Pair Corralation between Siren Nasdaq and Simplify Bitcoin
Given the investment horizon of 90 days Siren Nasdaq NexGen is expected to under-perform the Simplify Bitcoin. But the etf apears to be less risky and, when comparing its historical volatility, Siren Nasdaq NexGen is 1.81 times less risky than Simplify Bitcoin. The etf trades about -0.15 of its potential returns per unit of risk. The Simplify Bitcoin Strategy is currently generating about -0.05 of returns per unit of risk over similar time horizon. If you would invest 2,727 in Simplify Bitcoin Strategy on December 26, 2024 and sell it today you would lose (465.00) from holding Simplify Bitcoin Strategy or give up 17.05% of portfolio value over 90 days.

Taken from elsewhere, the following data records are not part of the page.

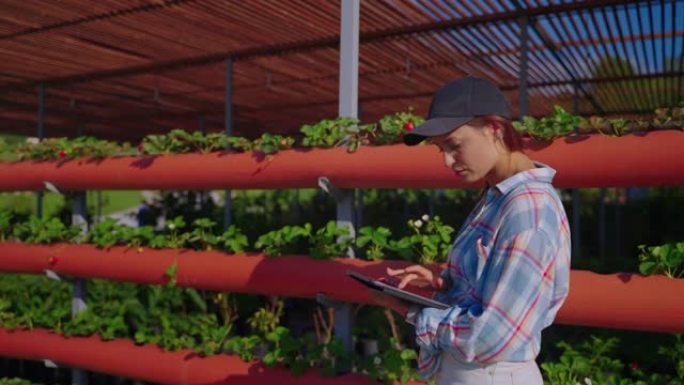 女学生植物学家正在现代农场实习，研究草莓的生长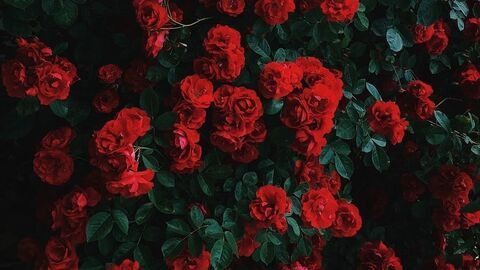Header of zararose.xo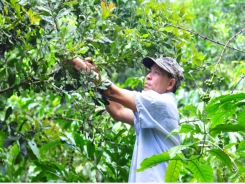 Macadamia intercropping, solution for coffee trees during difficult period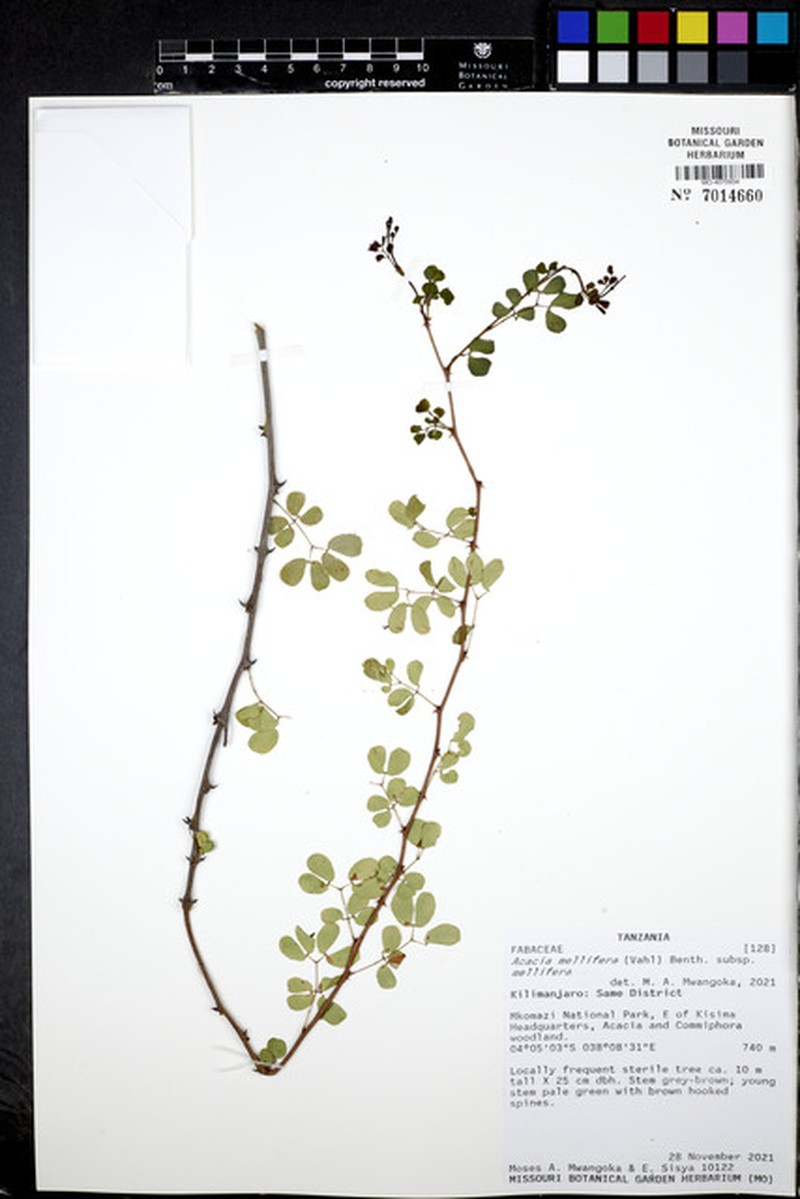 Senegalia mellifera subsp. mellifera photo 4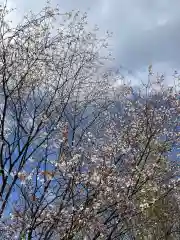 周防國総社宮 佐波神社の御朱印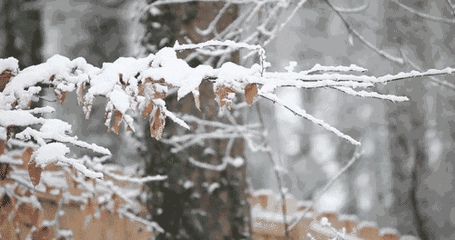 写雪的古诗句有哪些（描写雪的著名的唐诗）
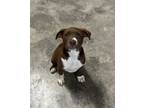 Adopt Lebron a Brown/Chocolate - with White Labrador Retriever / American Pit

Time Period | 3 Months [change] |
Direction | Moves Together |
Strength | Very Strong |
Accuracy | 100.0% |
Values | Daily Returns |
Siren Nasdaq NexGen vs. Simplify Bitcoin Strategy
Performance |
Timeline |
Siren Nasdaq NexGen |
Simplify Bitcoin Strategy |
Siren Nasdaq and Simplify Bitcoin Volatility Contrast
Predicted Return Density |
Returns |
Pair Trading with Siren Nasdaq and Simplify Bitcoin
The main advantage of trading using opposite Siren Nasdaq and Simplify Bitcoin positions is that it hedges away some unsystematic risk. Because of two separate transactions, even if Siren Nasdaq position performs unexpectedly, Simplify Bitcoin can make up some of the losses. Pair trading also minimizes risk from directional movements in the market. For example, if an entire industry or sector drops because of unexpected headlines, the short position in Simplify Bitcoin will offset losses from the drop in Simplify Bitcoin's long position.Siren Nasdaq vs. Amplify Transformational Data | Siren Nasdaq vs. First Trust Indxx | Siren Nasdaq vs. Global X Robotics | Siren Nasdaq vs. Bitwise Crypto Industry |
Simplify Bitcoin vs. Grayscale Funds Trust | Simplify Bitcoin vs. ProShares Trust | Simplify Bitcoin vs. Hashdex Nasdaq Crypto | Simplify Bitcoin vs. iShares Ethereum Trust |
Check out your portfolio center.Note that this page's information should be used as a complementary analysis to find the right mix of equity instruments to add to your existing portfolios or create a brand new portfolio. You can also try the Efficient Frontier module to plot and analyze your portfolio and positions against risk-return landscape of the market..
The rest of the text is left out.